To illustrate the need for the legislation, Amnesty and the Sierra Club have highlighted 10 “danger zones,” including Mexico, where environmental crimes go hand in hand with human-rights crimes.

In Myanmar, for example, the military has committed widespread human-rights abuses in connection with a $1.2 billion gas pipeline project that tore through lush forests and indigenous villages in the eastern part of the Southeast Asian country.

Some of those who suffered filed a lawsuit in U.S. federal court against one of the main investors in the project, California-based Unocal. Although a judge ruled last September that Unocal could not be sued for human-rights violations committed on foreign soil, he acknowledged that the plaintiffs had presented evidence demonstrating that “the [pipeline] project hired the military to provide security for the project, a military that forced villagers to work and entire villages to relocate for the benefit of the project; [and] that the military, while forcing villagers to work and relocate, committed numerous acts of violence.”

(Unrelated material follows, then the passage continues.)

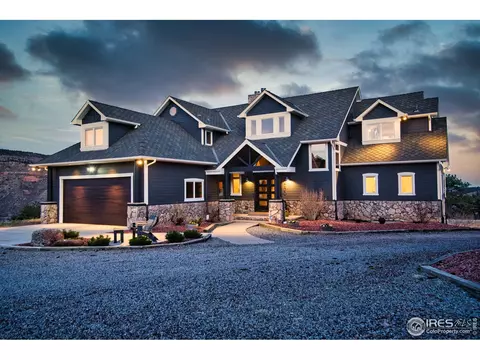700 Apple Ridge Rd, Lyons, CO 80540 photo 1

This example points to why we should expect the Bush administration to strongly resist any attempts to make multinationals disclose details of their business operations abroad. When Unocal and others needed someone to lay the pipe for the offshore portion of their project, they turned to energy-services giant Halliburton, which had just recently hired a new chief executive officer — a former politician named Dick Cheney, now U.S. vice president.